Employer sponsored group insurance programs can be provide the purchase of insurance policies on more favorable terms than can be purchased as an individual. The terms are more favorable when procured on a group basis because of:
- Economies of Scale;
- Reduced Commissions;
- Pooling of Underwriting Risks;
- Less Adverse Selection; and
- Tax Advantages.
An employee can purchase employer sponsored group insurance coverage at lower costs with reduced or guaranteed issue underwriting. An IRC 125 Cafeteria Program allows for certain personal expenditures to be paid with before-tax dollars. Employer sponsored group insurance policies might require continued employment as a pre-condition or may be portable after an employee retires or is terminates employment.
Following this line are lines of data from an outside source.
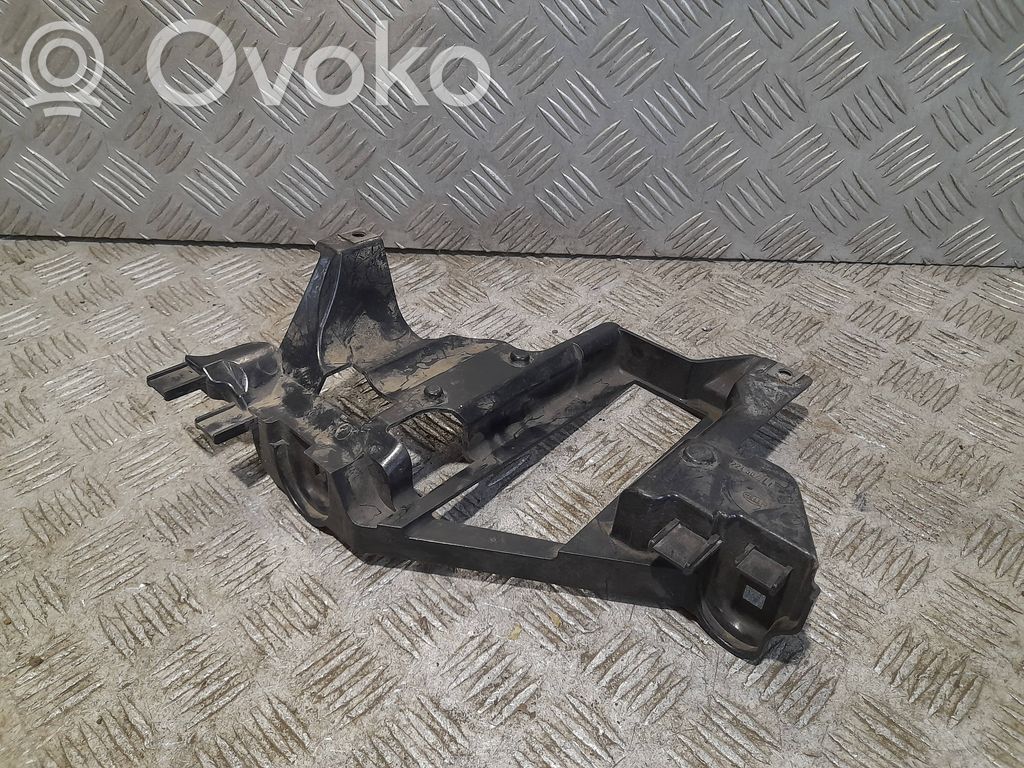 BMW X5 E53 Headlight/headlamp mounting bracket 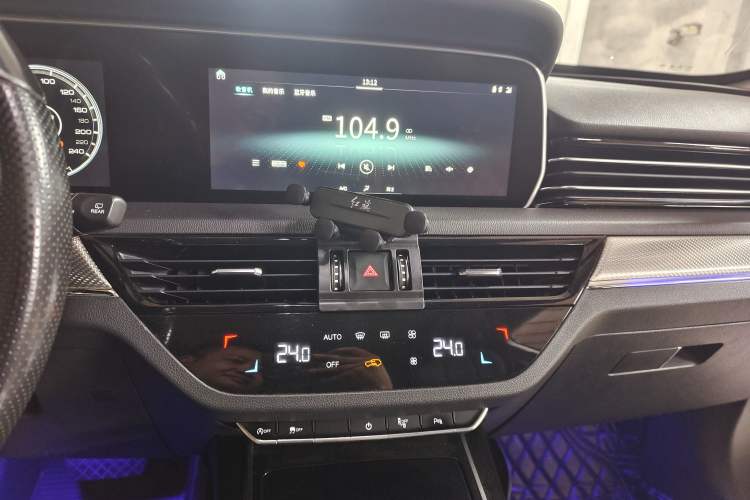 Used Hongqi HS5 2019 2.0T Smart Connect Flagship All-Wheel-Drive Version Audio And AC Panel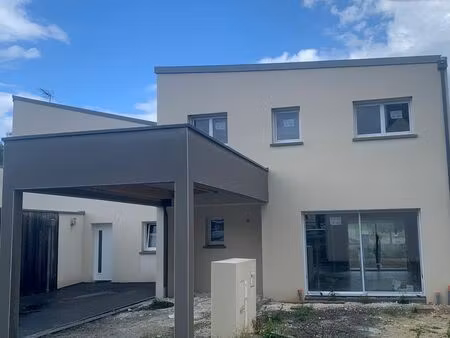 maison 4 chambres à gosne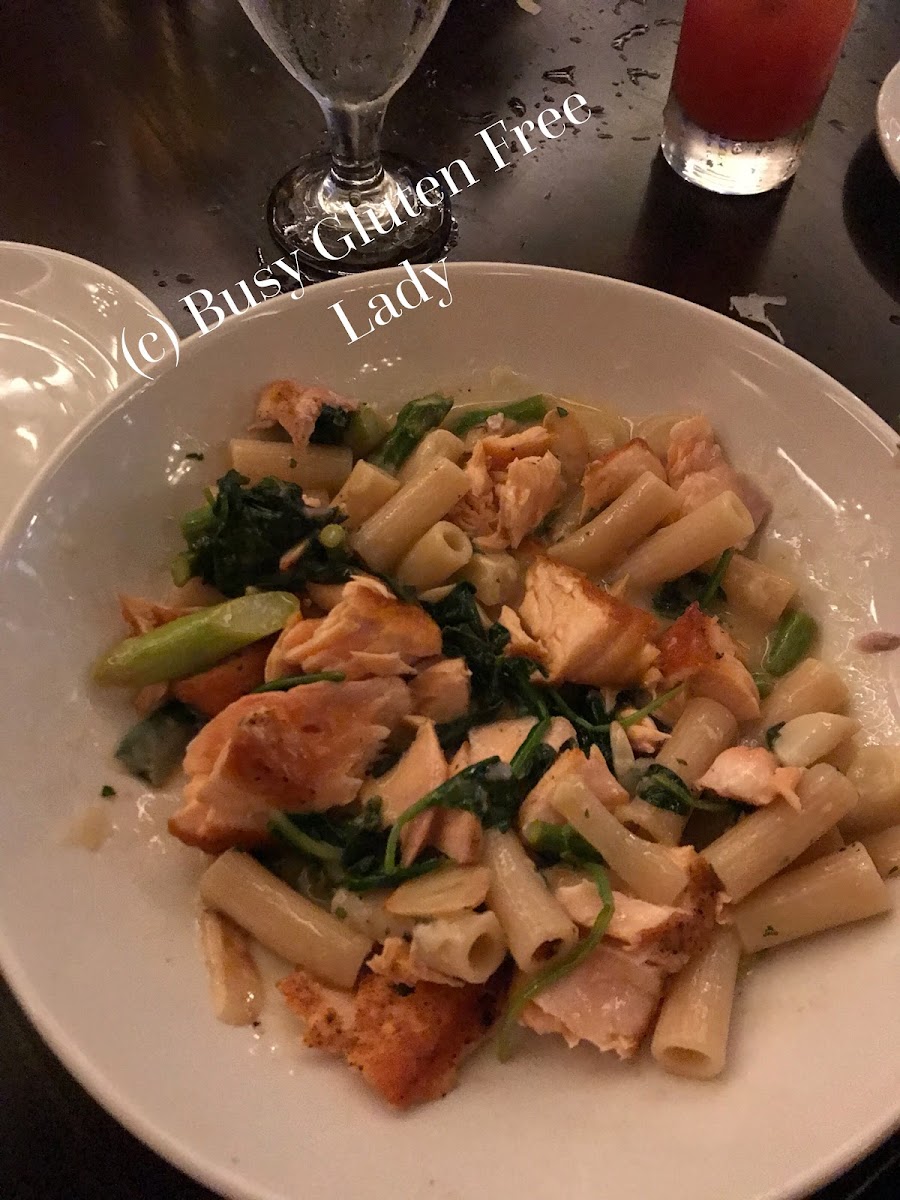 Outstanding pasta ! I built my own creation and the Chef rocked it ! Scampi sauce with salmon , artichoke, spinach and asparagus! It was amazing !!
A financial advisor can evaluate employer sponsored group insurance policies available through the workplace to take advantage of the more favorable terms from these insurance and financial products. Employer sponsored group insurance that can be obtained through the workplace include:
- Group term life insurance;
- Payroll deduction universal life insurance;
- Short-term and long-term disability insurance;
- Long term care insurance; and
- Group auto insurance.
Factors to consider when weighing your options are an individual’s insurability, product portability and expected tenure with an employer. A financial advisor can weigh the pros and cons of employer sponsored group insurance programs to determine their use with your overall financial plan.